By Jörn Poltz
(Reuters) – Former Audi boss Rupert Stadler was handed a suspended sentence of one year and nine months by a Munich court on Tuesday for fraud by negligence in the 2015 diesel scandal, becoming the first former Volkswagen board member to receive such a sentence.
The ex-boss was fined 1.1 million euros ($1.20 million), which will go to the state treasury and non-governmental organisations, the court said.
The sentence is in the middle of the 1.5-2 year timeframe the judge had said the former CEO would face if he confessed to the charge.
His lawyer Ulrike Thole-Groll said in May that Stadler did not know that vehicles had been manipulated and buyers had been harmed, but recognised it was a possibility and accepted that there was a need for more care.
Prosecutors had originally wanted a 2-million-euro fine, citing Stadler’s salaries at Audi and Volkswagen and his financial and real estate assets.
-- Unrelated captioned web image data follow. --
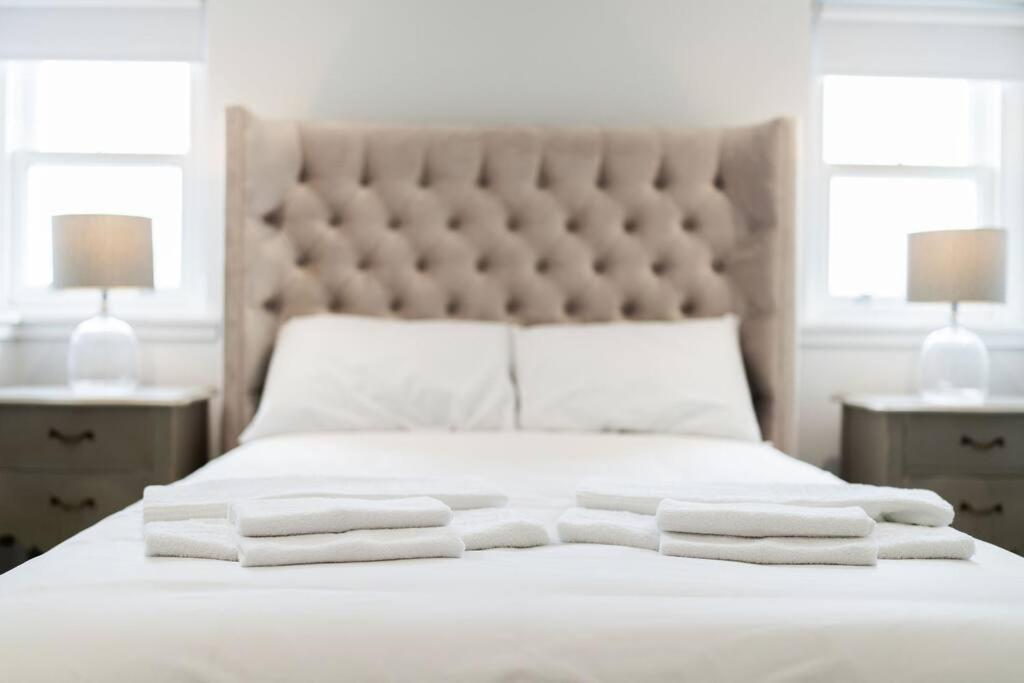 The Crescent, Aberdeen City Centre Apartment Εξωτερικό φωτογραφία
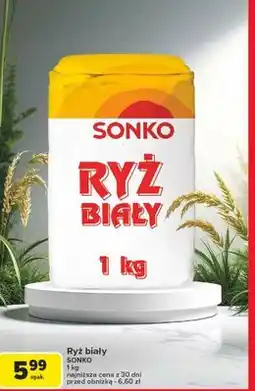 Carrefour Ryż biały długi Sonko oferta
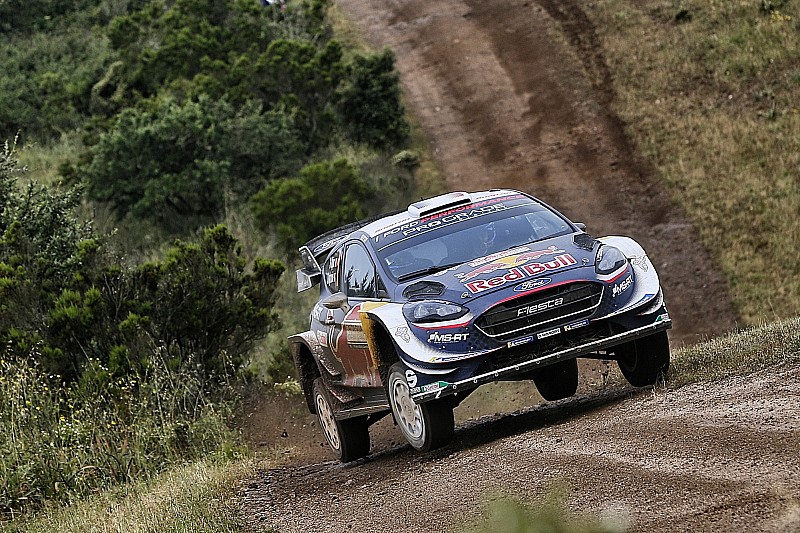 Ogier y Neuville pelean por la victoria en Italia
Stadler’s trial, one of the most prominent court proceedings in the aftermath of the diesel scandal, has been ongoing since 2020.
Audi’s parent group Volkswagen and Audi admitted in 2015 to having used illegal software to cheat on emissions tests.
According to prosecutors, engineers manipulated engines in such a way that they complied with legal exhaust emission values on the test bench but not on the road. Stadler was accused of failing to stop the sale of the manipulated cars after the scandal became known.
He had previously rejected the allegations.
Former Audi executive Wolfgang Hatz, also on trial with Stadler, was sentenced to a two-year suspended sentence with a 400,000 euro fine, while the third defendant – engineer Giovanni P. – was handed a year and nine months and a 50,000 euro fine.
The prosecutor’s office and the accused can appeal until July 4.